Stephen Schneck, the director of the Institute for Policy Research and Catholic Studies at The Catholic University of America who also served in “Catholics for Obama,” as well as Father Larry Snyder, the president of Catholic Charities USA who is set to become vice president for mission at the University of St. Thomas in Minnesota next year, signed a letter with twelve religious and academic leaders urging Obama to include a religious exemption in the executive order.
The public letter to the president stated:
[A]n executive order that does not include a religious exemption will significantly and substantively hamper the work of some religious organizations that are best equipped to serve in common purpose with the federal government. In a concrete way, religious organizations will lose financial funding that allows them to serve others in the national interest due to their organizational identity. When the capacity of religious organizations is limited the common good suffers.
The letter assumed that a religious exemption would only ensure that religious organizations would not be automatically disqualified in procuring government contracts because of their religious beliefs.
This order, while not seemingly an immediate danger to Catholic colleges, may become one in the future. According to Fr. Thomas Reese, writing at the National Catholic Reporter, “there is little doubt that if the administration is successful dealing with contracts, grants will soon be on the firing line.”
The overwhelming majority of Catholic colleges receive federal money. Fr. Reese added that he believed that the administration would likely not approve any exemption that applied to colleges and universities.
In an interview with the Reporter, Schneck reportedly said that while ending discrimination is a laudable goal, “the order should be crafted in such a way that does not undermine the very religious identity that inspires Catholics to create their institutions of public service in the first place.”
He continued, “it would be catastrophic for America's and the world's neediest if Catholic institutions had to shut down large portions of their mission because the Obama administration could not figure out how to balance the anti-discrimination rights of both religious identity and LGBT identity.”
Boston College law professor Cathleen Kaveny reportedly said she believed that we will likely see "more religious liberty lawsuits on the horizon.”
It would hardly be the first time that the Obama administration clashed with the religious freedom interests of the Catholic Church.
In 2011, the Obama administration reportedly withdrew funding that typically went to the U.S. bishops’ campaign against human trafficking following complaints that the campaign did not provide contraception or abortion services.
The bishops also strongly opposed the administration’s stance in the Hosanna Tabor Evangelical Lutheran Church & School v. Equal Employment Opportunity Commission case which ended with the Supreme Court unanimously ruling that religious institutions have the right to hire and fire for mission without government interference.
And the bishops have stood strongly opposed to the HHS mandate for several years.
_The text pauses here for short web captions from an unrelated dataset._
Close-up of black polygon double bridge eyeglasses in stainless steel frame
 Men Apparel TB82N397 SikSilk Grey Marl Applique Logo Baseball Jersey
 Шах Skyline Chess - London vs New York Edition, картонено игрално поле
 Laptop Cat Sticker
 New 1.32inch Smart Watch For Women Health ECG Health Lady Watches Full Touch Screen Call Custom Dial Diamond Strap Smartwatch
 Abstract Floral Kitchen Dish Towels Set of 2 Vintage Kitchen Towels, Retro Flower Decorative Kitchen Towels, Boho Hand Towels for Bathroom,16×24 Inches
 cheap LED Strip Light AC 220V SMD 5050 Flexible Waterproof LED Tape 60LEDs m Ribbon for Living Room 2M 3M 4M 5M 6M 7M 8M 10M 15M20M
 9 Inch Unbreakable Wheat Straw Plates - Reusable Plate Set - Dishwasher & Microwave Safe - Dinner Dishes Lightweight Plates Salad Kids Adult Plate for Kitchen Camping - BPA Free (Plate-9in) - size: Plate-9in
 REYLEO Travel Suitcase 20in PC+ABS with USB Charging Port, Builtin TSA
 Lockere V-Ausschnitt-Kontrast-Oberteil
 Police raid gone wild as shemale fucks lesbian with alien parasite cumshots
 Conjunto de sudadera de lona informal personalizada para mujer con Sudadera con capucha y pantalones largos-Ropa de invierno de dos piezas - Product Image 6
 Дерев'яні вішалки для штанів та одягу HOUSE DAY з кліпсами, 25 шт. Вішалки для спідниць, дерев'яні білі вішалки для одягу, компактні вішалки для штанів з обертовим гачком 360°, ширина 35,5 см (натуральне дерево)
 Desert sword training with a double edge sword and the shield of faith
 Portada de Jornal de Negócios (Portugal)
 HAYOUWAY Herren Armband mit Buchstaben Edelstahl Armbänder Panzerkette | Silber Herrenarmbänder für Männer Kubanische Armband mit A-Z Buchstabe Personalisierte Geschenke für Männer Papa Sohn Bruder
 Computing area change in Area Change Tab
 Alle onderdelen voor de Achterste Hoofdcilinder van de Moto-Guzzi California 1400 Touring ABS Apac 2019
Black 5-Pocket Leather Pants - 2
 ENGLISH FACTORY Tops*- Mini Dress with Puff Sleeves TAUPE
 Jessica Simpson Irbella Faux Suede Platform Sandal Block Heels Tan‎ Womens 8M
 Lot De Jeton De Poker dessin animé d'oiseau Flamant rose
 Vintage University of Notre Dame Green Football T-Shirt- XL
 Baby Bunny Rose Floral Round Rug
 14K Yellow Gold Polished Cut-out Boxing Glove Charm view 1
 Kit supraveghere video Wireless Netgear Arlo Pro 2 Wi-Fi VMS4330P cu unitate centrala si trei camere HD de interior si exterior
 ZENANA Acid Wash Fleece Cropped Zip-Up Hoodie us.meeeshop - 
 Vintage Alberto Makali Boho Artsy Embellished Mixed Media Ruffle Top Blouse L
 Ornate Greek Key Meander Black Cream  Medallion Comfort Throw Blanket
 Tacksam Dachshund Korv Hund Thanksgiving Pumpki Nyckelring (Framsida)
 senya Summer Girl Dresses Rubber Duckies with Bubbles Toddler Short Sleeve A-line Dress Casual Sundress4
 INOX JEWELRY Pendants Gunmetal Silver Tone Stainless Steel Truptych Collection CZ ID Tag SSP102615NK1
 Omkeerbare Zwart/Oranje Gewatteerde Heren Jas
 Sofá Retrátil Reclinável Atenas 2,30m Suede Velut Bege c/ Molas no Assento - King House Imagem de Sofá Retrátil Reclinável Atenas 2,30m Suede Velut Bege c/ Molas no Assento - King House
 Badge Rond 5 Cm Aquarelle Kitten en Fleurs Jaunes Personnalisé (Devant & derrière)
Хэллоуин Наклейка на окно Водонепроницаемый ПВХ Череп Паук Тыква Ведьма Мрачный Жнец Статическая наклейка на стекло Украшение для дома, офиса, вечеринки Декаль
The fate of nonprofit institutions regarding the mandate is still being decided in the courts, but the recent Supreme Court decisions in favor of Hobby Lobby and upholding an injunction from the mandate for evangelical Wheaton College may portend a favorable ruling from the high court.
A White House spokesperson reportedly said they didn’t know when the executive order might be signed and that they were continuing to listen to “interested groups” on the issue.